## Assignment
Could you retype the entries below exactly, omitting every picture?

###

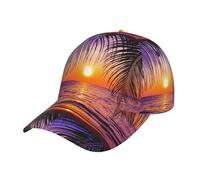 fifbird Macaw Perching of American Rain s Print Tylish Curved-Brim Baseball Cap - Full Print Polyester Hat for All Seasons and Genders, Coucher de soleil blanc, Taille unique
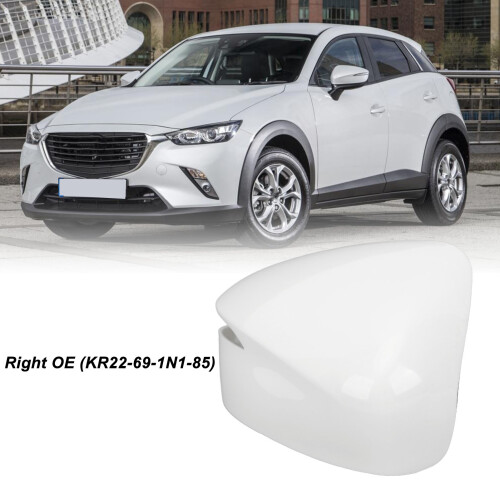 Mazda CX-3  Side Mirror Cover Cap Replacement Unpainted White Right 2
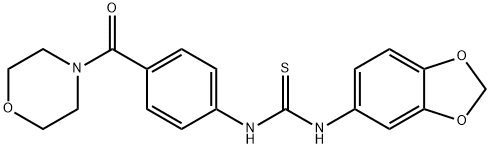 1-(1,3-benzodioxol-5-yl)-3-[4-(morpholine-4-carbonyl)phenyl]thiourea Structure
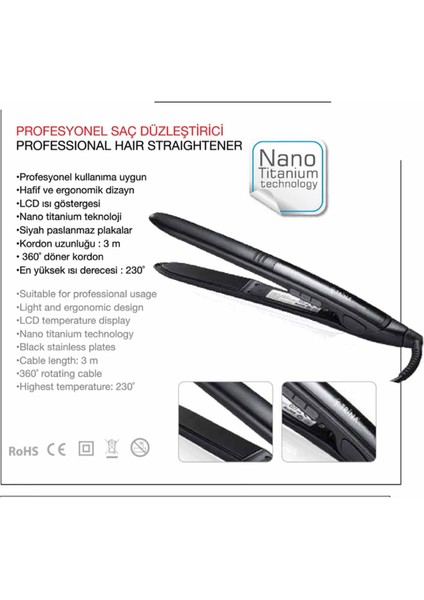 Profesyonel Saç Düzleştirici Nano Titanyum Siyah Plaka Dijital Ekranlı 0060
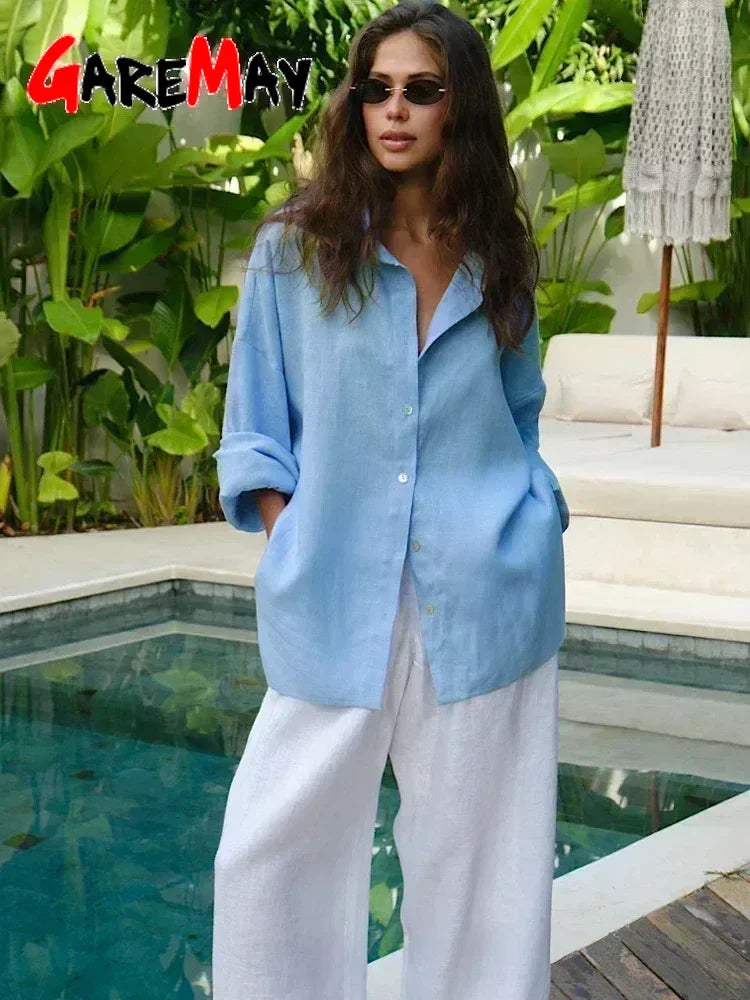 Bluzka lniana oversize — Rosa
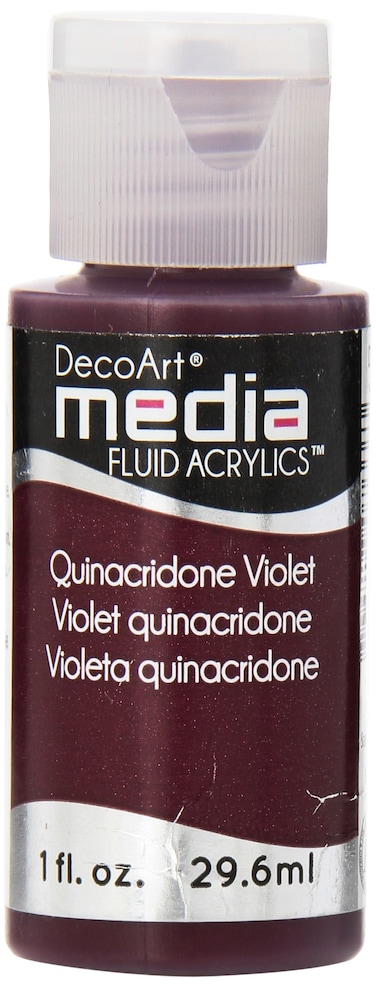 Deco Art DMFA34 Media Fluid Acrylic Paint 1Ounce Quinacridone Violet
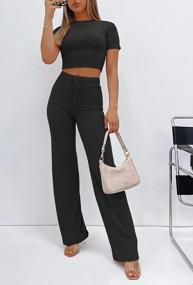 img 3 attached to Women'S Lingswallow Wide-Leg Lounge Set With Short Sleeve Top - Ribbed Knit Pajama 2 Piece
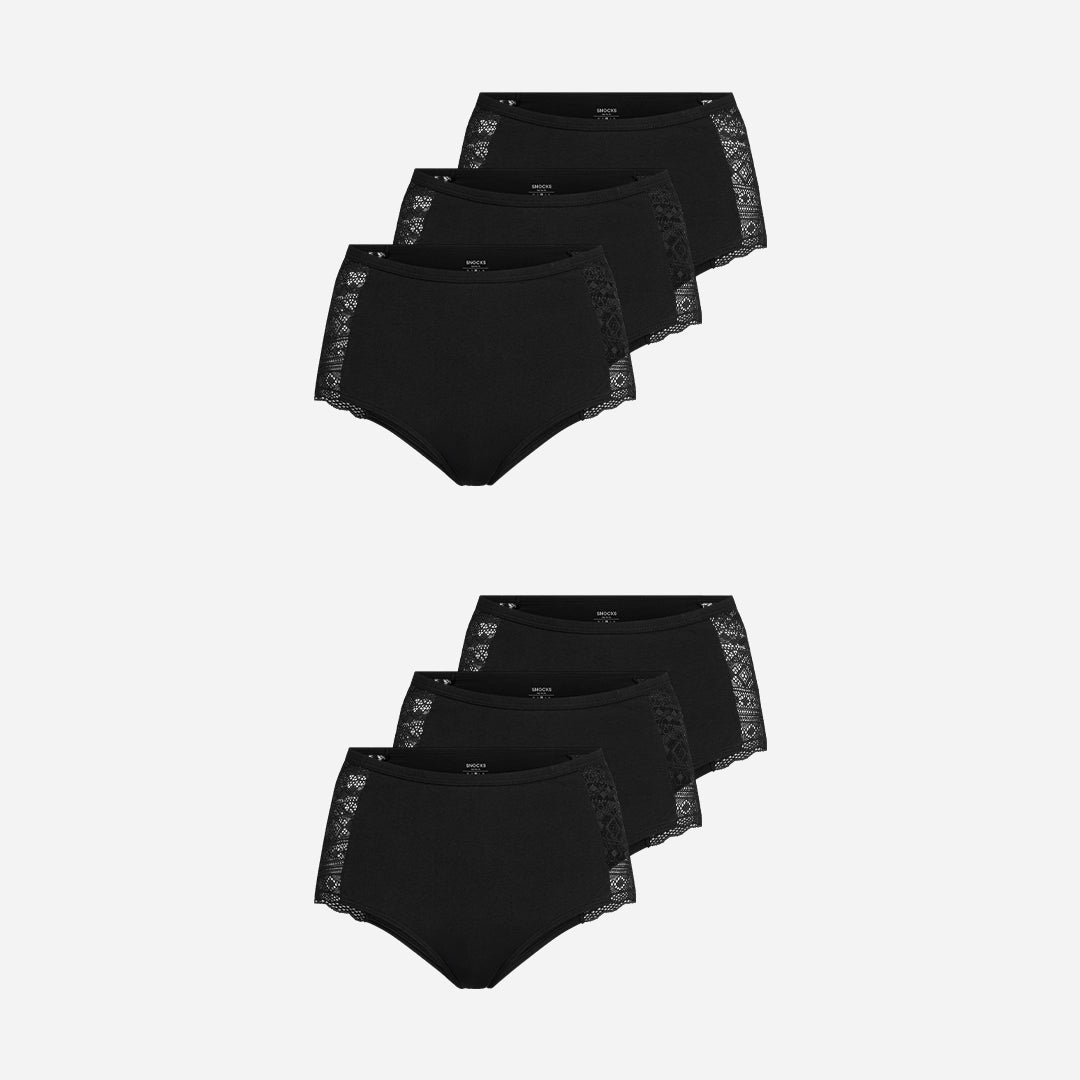 {"alt": "High Waist Hipster Panties mit Spitze - Unterhosen - Schwarz", "quantity":"2"}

###

## Answer to the exercise
 fifbird Macaw Perching of American Rain s Print Tylish Curved-Brim Baseball Cap - Full Print Polyester Hat for All Seasons and Genders, Coucher de soleil blanc, Taille unique
 Mazda CX-3  Side Mirror Cover Cap Replacement Unpainted White Right 2
 1-(1,3-benzodioxol-5-yl)-3-[4-(morpholine-4-carbonyl)phenyl]thiourea Structure
 Profesyonel Saç Düzleştirici Nano Titanyum Siyah Plaka Dijital Ekranlı 0060
 Bluzka lniana oversize — Rosa
 Deco Art DMFA34 Media Fluid Acrylic Paint 1Ounce Quinacridone Violet
 img 3 attached to Women'S Lingswallow Wide-Leg Lounge Set With Short Sleeve Top - Ribbed Knit Pajama 2 Piece
 {"alt": "High Waist Hipster Panties mit Spitze - Unterhosen - Schwarz", "quantity":"2"}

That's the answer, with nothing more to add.